STEM Hacks competition teaches youth about science and technology


On January 28, 2017, Mathstronauts, a Hamilton-based not-for-profit science and engineering hackathon. Middle school students

On January 28, 2017, Mathstronauts, a Hamilton-based not-for-profit organization hosted their second annual STEM Hacks competition. The day brings together 150 middle school students and nearly 80 McMaster students as volunteers and mentors.

Teams of students are given science, technology, engineering and mathematic (STEM) related challenges for a chance to win a prize and bragging rights. Science participants learn about the theory of flight and aerodynamics and were challenged to design an aircraft that achieved the longest distance and a linear flight path. Engineering participants learned how to do computer programming in order to build an autonomous parking lot system that was able to regulate car traffic in a model parking lot. A panel of judges graded projects and the best “hacks” were announced at a grant Closing Ceremony in which parents, families, students, and volunteers all joined to witness their work.

Throughout the day students also meet current STEM professionals and hear myths about STEM programs that often include spending long hours doing lab work, myths which often prevent them from being interested in science and technology fields.

Mathstronauts is changing this perception with middle-school students by delivering after-school programs, special events such as STEM Hacks, and workshops that make the subjects of science and engineering fun, interactive and applicable to their lives.

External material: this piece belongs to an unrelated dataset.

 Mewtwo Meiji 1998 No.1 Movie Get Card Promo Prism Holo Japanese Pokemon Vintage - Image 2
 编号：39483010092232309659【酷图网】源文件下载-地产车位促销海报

“As a parent, I believe that Mathstronauts is an incredible creation. It ‘ticks all the boxes’ in terms of what parents and students are both looking for,” said Deborah Eldridge, whose son participated in Mathstronauts for three consecutive years.

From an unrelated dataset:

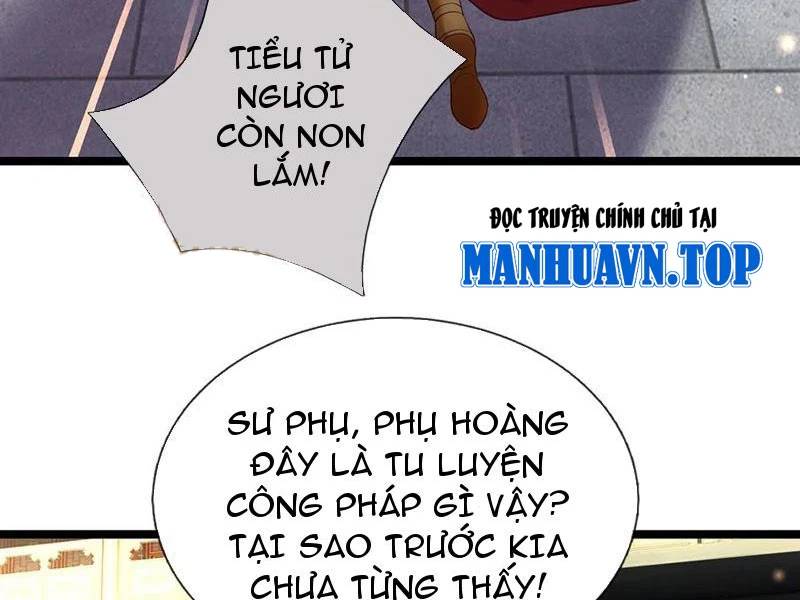 Khí Quan Thức Tỉnh, Ta Đột Nhiên Vô Địch! Chương 69 Ảnh 13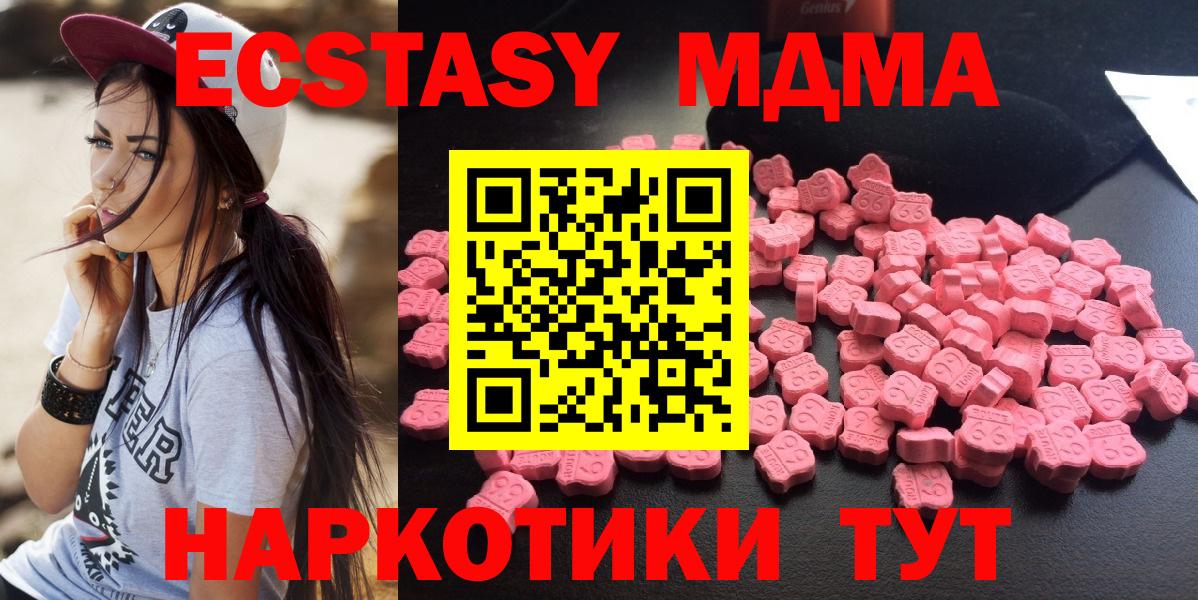 MDMA Molly Бузулук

“At Mathstronauts we’re building a new STEM-culture, where STEM is the new ‘cool’ thing to do – where kids are driven by a curiosity about their surroundings, and are encouraged to realize that STEM exists in their everyday lives and affects most, if not all, of what they do,” says Sehrish Zehra, Executive Director of Mathstronauts.

Mathstronauts’ goal is to change the landscape of STEM education through innovative and creative experiential learning opportunities.